EXTRACTED RECORDS ->
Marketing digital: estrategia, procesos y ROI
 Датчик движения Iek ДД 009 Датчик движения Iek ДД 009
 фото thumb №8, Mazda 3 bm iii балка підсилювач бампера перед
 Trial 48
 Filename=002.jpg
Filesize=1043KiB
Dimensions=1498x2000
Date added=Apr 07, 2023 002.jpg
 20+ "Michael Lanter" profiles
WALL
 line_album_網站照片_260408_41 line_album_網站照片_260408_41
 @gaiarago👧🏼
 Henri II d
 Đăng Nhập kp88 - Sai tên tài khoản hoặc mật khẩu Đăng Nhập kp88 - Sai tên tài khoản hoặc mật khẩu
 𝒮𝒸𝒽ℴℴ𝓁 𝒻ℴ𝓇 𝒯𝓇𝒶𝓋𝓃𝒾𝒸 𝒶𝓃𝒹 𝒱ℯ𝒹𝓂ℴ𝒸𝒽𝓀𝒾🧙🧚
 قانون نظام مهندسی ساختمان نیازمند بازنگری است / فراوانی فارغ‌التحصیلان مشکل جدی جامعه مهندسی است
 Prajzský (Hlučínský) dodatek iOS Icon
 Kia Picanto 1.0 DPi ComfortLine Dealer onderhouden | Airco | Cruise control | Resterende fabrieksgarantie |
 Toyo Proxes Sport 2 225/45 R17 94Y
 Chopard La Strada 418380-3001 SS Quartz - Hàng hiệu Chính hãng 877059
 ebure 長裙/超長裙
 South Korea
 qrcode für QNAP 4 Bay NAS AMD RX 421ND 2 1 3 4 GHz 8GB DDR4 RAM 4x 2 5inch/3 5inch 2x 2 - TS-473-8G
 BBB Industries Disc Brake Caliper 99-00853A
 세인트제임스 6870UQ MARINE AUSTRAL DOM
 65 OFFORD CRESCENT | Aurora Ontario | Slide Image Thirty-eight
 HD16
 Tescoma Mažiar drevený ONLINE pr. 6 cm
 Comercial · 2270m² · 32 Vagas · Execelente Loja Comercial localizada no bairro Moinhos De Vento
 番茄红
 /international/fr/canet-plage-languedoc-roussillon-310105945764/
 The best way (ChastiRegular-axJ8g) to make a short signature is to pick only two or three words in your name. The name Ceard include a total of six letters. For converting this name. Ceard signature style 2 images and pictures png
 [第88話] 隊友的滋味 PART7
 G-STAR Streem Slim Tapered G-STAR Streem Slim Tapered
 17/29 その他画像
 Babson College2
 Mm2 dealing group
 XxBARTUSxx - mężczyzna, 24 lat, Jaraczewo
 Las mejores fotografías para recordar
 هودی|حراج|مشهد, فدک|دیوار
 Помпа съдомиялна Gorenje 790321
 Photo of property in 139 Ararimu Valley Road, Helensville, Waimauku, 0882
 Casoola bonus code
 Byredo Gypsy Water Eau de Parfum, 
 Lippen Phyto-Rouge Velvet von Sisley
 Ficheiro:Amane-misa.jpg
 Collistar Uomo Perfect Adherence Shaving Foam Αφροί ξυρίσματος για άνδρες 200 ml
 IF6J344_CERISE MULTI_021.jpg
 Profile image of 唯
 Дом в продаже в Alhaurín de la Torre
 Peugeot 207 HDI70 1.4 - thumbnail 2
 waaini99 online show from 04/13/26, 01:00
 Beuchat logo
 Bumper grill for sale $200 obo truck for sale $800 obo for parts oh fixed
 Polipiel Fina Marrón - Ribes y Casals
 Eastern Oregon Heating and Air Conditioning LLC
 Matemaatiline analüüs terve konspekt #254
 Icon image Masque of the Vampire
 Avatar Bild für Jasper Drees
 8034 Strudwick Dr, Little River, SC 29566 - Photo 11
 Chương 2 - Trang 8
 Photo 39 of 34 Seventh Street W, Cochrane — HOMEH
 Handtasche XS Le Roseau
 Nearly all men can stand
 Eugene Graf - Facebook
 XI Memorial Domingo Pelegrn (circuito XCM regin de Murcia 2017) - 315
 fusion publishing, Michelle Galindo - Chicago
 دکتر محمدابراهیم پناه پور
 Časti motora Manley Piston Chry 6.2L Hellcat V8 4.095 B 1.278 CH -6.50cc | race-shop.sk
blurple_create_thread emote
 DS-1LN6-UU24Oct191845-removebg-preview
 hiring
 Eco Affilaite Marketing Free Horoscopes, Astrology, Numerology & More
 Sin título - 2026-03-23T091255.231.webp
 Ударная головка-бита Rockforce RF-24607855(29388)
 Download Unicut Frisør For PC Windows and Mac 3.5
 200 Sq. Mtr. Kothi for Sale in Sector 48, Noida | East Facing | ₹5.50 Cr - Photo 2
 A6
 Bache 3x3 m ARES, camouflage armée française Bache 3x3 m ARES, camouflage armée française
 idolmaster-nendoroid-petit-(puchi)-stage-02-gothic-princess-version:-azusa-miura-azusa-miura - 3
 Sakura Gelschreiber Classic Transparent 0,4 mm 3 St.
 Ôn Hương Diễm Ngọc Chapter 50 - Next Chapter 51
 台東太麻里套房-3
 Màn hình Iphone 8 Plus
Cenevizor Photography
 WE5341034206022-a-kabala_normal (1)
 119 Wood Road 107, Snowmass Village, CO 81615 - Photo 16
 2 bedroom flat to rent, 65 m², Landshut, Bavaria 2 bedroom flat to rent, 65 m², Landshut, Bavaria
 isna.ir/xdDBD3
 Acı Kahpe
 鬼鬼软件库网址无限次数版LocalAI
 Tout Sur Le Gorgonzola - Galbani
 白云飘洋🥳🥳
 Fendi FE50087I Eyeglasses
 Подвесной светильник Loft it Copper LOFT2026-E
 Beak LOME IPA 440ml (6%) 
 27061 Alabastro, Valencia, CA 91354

ACTIVITY -> Give back all of the data exactly, with every line intact.

YOUR SOLUTION ->
Marketing digital: estrategia, procesos y ROI
 Датчик движения Iek ДД 009 Датчик движения Iek ДД 009
 фото thumb №8, Mazda 3 bm iii балка підсилювач бампера перед
 Trial 48
 Filename=002.jpg
Filesize=1043KiB
Dimensions=1498x2000
Date added=Apr 07, 2023 002.jpg
 20+ "Michael Lanter" profiles
WALL
 line_album_網站照片_260408_41 line_album_網站照片_260408_41
 @gaiarago👧🏼
 Henri II d
 Đăng Nhập kp88 - Sai tên tài khoản hoặc mật khẩu Đăng Nhập kp88 - Sai tên tài khoản hoặc mật khẩu
 𝒮𝒸𝒽ℴℴ𝓁 𝒻ℴ𝓇 𝒯𝓇𝒶𝓋𝓃𝒾𝒸 𝒶𝓃𝒹 𝒱ℯ𝒹𝓂ℴ𝒸𝒽𝓀𝒾🧙🧚
 قانون نظام مهندسی ساختمان نیازمند بازنگری است / فراوانی فارغ‌التحصیلان مشکل جدی جامعه مهندسی است
 Prajzský (Hlučínský) dodatek iOS Icon
 Kia Picanto 1.0 DPi ComfortLine Dealer onderhouden | Airco | Cruise control | Resterende fabrieksgarantie |
 Toyo Proxes Sport 2 225/45 R17 94Y
 Chopard La Strada 418380-3001 SS Quartz - Hàng hiệu Chính hãng 877059
 ebure 長裙/超長裙
 South Korea
 qrcode für QNAP 4 Bay NAS AMD RX 421ND 2 1 3 4 GHz 8GB DDR4 RAM 4x 2 5inch/3 5inch 2x 2 - TS-473-8G
 BBB Industries Disc Brake Caliper 99-00853A
 세인트제임스 6870UQ MARINE AUSTRAL DOM
 65 OFFORD CRESCENT | Aurora Ontario | Slide Image Thirty-eight
 HD16
 Tescoma Mažiar drevený ONLINE pr. 6 cm
 Comercial · 2270m² · 32 Vagas · Execelente Loja Comercial localizada no bairro Moinhos De Vento
 番茄红
 /international/fr/canet-plage-languedoc-roussillon-310105945764/
 The best way (ChastiRegular-axJ8g) to make a short signature is to pick only two or three words in your name. The name Ceard include a total of six letters. For converting this name. Ceard signature style 2 images and pictures png
 [第88話] 隊友的滋味 PART7
 G-STAR Streem Slim Tapered G-STAR Streem Slim Tapered
 17/29 その他画像
 Babson College2
 Mm2 dealing group
 XxBARTUSxx - mężczyzna, 24 lat, Jaraczewo
 Las mejores fotografías para recordar
 هودی|حراج|مشهد, فدک|دیوار
 Помпа съдомиялна Gorenje 790321
 Photo of property in 139 Ararimu Valley Road, Helensville, Waimauku, 0882
 Casoola bonus code
 Byredo Gypsy Water Eau de Parfum, 
 Lippen Phyto-Rouge Velvet von Sisley
 Ficheiro:Amane-misa.jpg
 Collistar Uomo Perfect Adherence Shaving Foam Αφροί ξυρίσματος για άνδρες 200 ml
 IF6J344_CERISE MULTI_021.jpg
 Profile image of 唯
 Дом в продаже в Alhaurín de la Torre
 Peugeot 207 HDI70 1.4 - thumbnail 2
 waaini99 online show from 04/13/26, 01:00
 Beuchat logo
 Bumper grill for sale $200 obo truck for sale $800 obo for parts oh fixed
 Polipiel Fina Marrón - Ribes y Casals
 Eastern Oregon Heating and Air Conditioning LLC
 Matemaatiline analüüs terve konspekt #254
 Icon image Masque of the Vampire
 Avatar Bild für Jasper Drees
 8034 Strudwick Dr, Little River, SC 29566 - Photo 11
 Chương 2 - Trang 8
 Photo 39 of 34 Seventh Street W, Cochrane — HOMEH
 Handtasche XS Le Roseau
 Nearly all men can stand
 Eugene Graf - Facebook
 XI Memorial Domingo Pelegrn (circuito XCM regin de Murcia 2017) - 315
 fusion publishing, Michelle Galindo - Chicago
 دکتر محمدابراهیم پناه پور
 Časti motora Manley Piston Chry 6.2L Hellcat V8 4.095 B 1.278 CH -6.50cc | race-shop.sk
blurple_create_thread emote
 DS-1LN6-UU24Oct191845-removebg-preview
 hiring
 Eco Affilaite Marketing Free Horoscopes, Astrology, Numerology & More
 Sin título - 2026-03-23T091255.231.webp
 Ударная головка-бита Rockforce RF-24607855(29388)
 Download Unicut Frisør For PC Windows and Mac 3.5
 200 Sq. Mtr. Kothi for Sale in Sector 48, Noida | East Facing | ₹5.50 Cr - Photo 2
 A6
 Bache 3x3 m ARES, camouflage armée française Bache 3x3 m ARES, camouflage armée française
 idolmaster-nendoroid-petit-(puchi)-stage-02-gothic-princess-version:-azusa-miura-azusa-miura - 3
 Sakura Gelschreiber Classic Transparent 0,4 mm 3 St.
 Ôn Hương Diễm Ngọc Chapter 50 - Next Chapter 51
 台東太麻里套房-3
 Màn hình Iphone 8 Plus
Cenevizor Photography
 WE5341034206022-a-kabala_normal (1)
 119 Wood Road 107, Snowmass Village, CO 81615 - Photo 16
 2 bedroom flat to rent, 65 m², Landshut, Bavaria 2 bedroom flat to rent, 65 m², Landshut, Bavaria
 isna.ir/xdDBD3
 Acı Kahpe
 鬼鬼软件库网址无限次数版LocalAI
 Tout Sur Le Gorgonzola - Galbani
 白云飘洋🥳🥳
 Fendi FE50087I Eyeglasses
 Подвесной светильник Loft it Copper LOFT2026-E
 Beak LOME IPA 440ml (6%) 
 27061 Alabastro, Valencia, CA 91354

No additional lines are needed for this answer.